Bitcoin dropped below the $60,000 mark for the second time in June, triggering over $850 million in crypto liquidations and dragging down major altcoins and crypto-linked stocks. The leading cryptocurrency fell nearly 6% to an intraday low of $59,175 before recovering slightly, while market-wide panic pushed Ethereum below $1,600, Solana under $65, and XRP to around $1.05. Total crypto market value declined to approximately $2.1 trillion.
Market carnage and liquidations
According to CoinGlass data, 169,531 traders were liquidated within 24 hours, with long positions accounting for $785.31 million of the total $869.39 million in wipeouts. The sell-off extended to crypto-proxy stocks: Strategy (MSTR) plunged as much as 11% to an intraday low of $92.28, revisiting prices not seen since February 2024. Shares of Coinbase, Robinhood, Galaxy Digital, and mining firms like IREN, Cipher, and Hut 8 also slumped. The S&P 500 and Nasdaq dropped about 3% and 4% from mid-June, respectively, with large-cap tech stocks such as Nvidia, Microsoft, and Apple declining.
On-chain weakness and technical breakdown
Glassnode reported that Bitcoin’s breakdown was driven by ongoing ETF outflows, mass loss realization by panicked investors, and defensive options positioning.
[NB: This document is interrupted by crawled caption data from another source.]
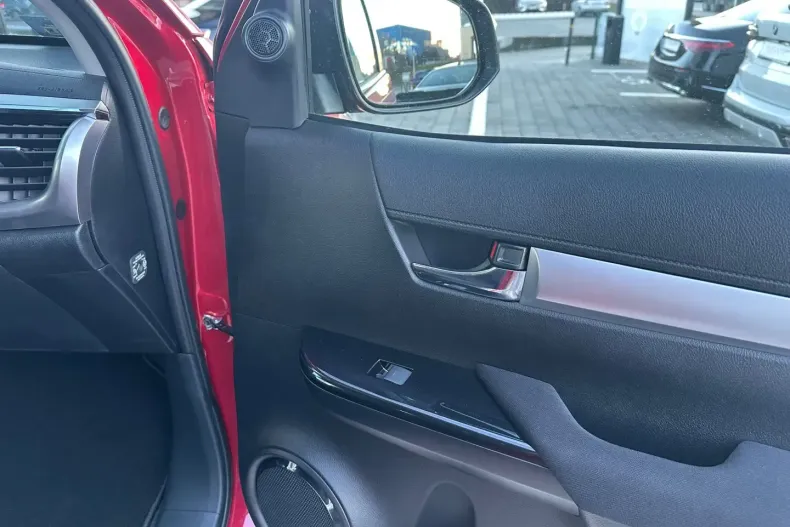 Toyota Hilux din 2025 cu 50 km - oferta TOY194015 - foto 34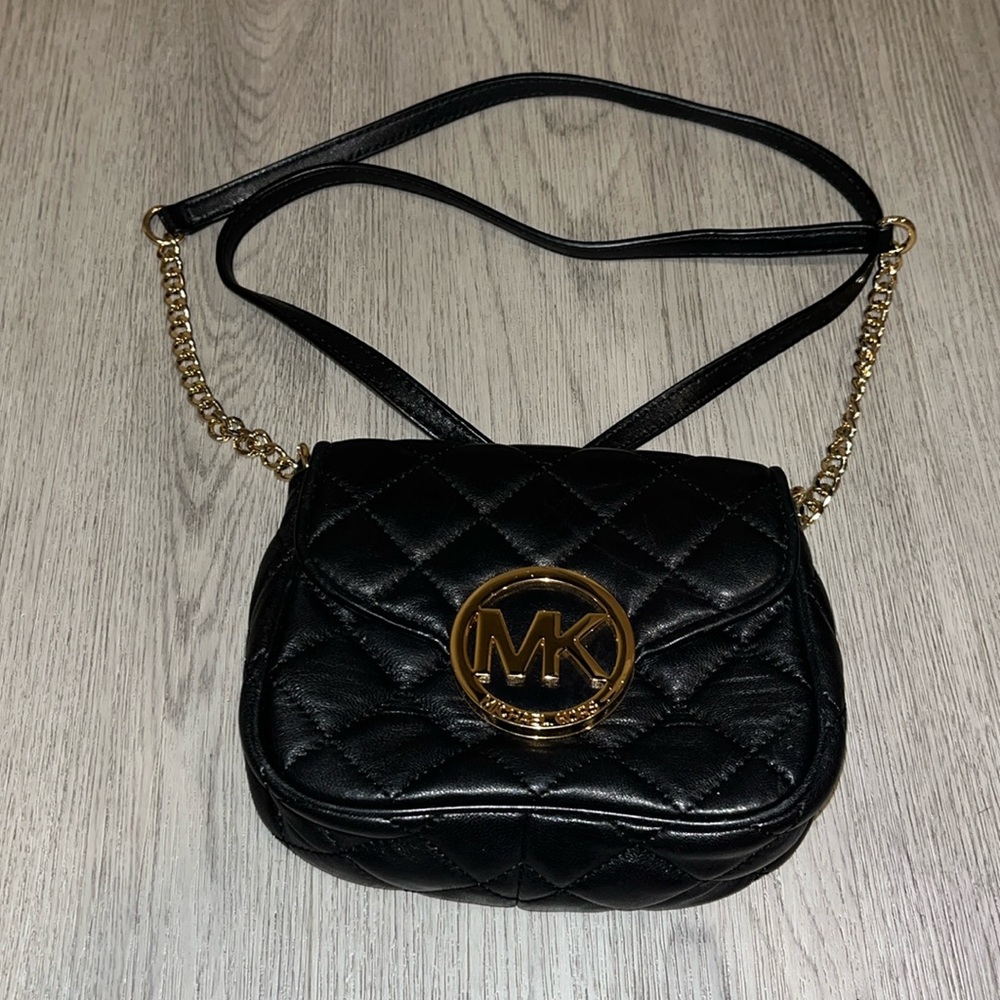 Micheal Kors cross body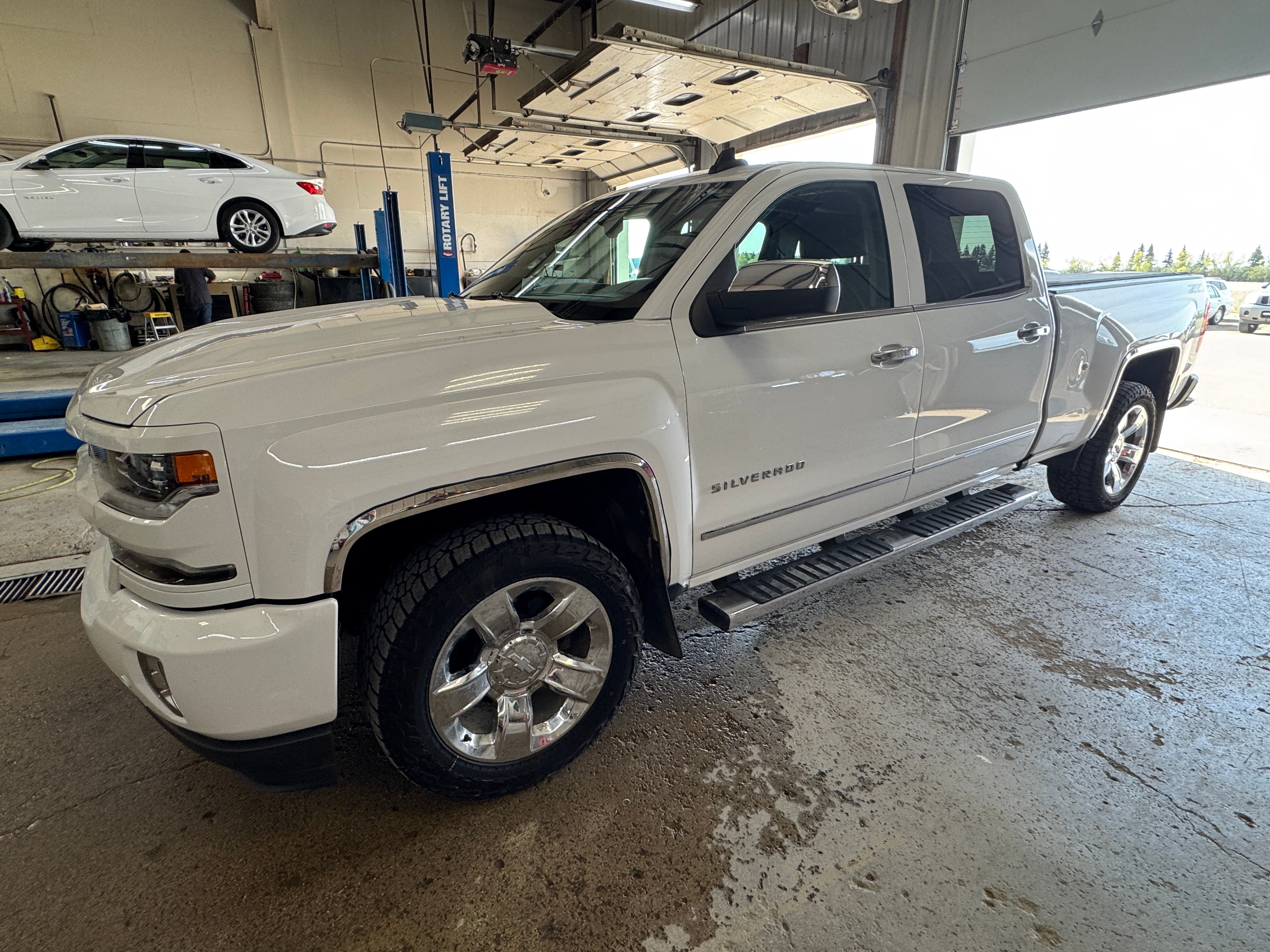2018 Chevrolet Silverado 1500 — interior view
U.S. spot Bitcoin ETFs saw roughly $180 million in net outflows on Monday and Tuesday, while spot Ether ETFs lost about $152.5 million. On-chain analytics warned that “broad demand remains absent.” Technical indicators showed Bitcoin broke below key support levels, falling through the 78.6% Fibonacci retracement level and trading under the 50-day and 200-day moving averages. The daily Aroon Down indicator hit 100%, confirming strong downside momentum.
Analyst Daan Crypto Trades noted that major local tops and bottoms often form near the .786 Fibonacci retracement after strong rallies, making the current zone a critical defense for bulls. Meanwhile, Whale Factor highlighted that wallets linked to BlackRock transferred roughly 2,700 BTC (~$168.6M) and 53,000 ETH (~$88.1M) to Coinbase-linked addresses, fueling speculation of potential selling pressure.
Sentiment sours as Portnoy trolls
Barstool Sports founder Dave Portnoy added fuel to the fire, half-jokingly opining that “it seems like Bitcoin is going to zero.” He challenged crypto advocates to explain why skeptics are wrong amid the market crash. Economist Henrik Zeberg warned that Bitcoin’s drop occurred while the U.S. Dollar Index (DXY) sits at a relatively low 101, suggesting a deflationary bust could drive the DXY to revisit 2001 highs by late 2026 or early 2027. “Most investors have never experienced a true global scramble for dollars,” Zeberg said.
Peter Schiff also criticized Strategy’s Bitcoin treasury model, proposing the company sell BTC to finance stock buybacks, which he argued could further pressure the market. With Bitcoin back to October 2024 levels, the crypto sector faces heightened uncertainty as ETF flows dwindle and risk appetite fades.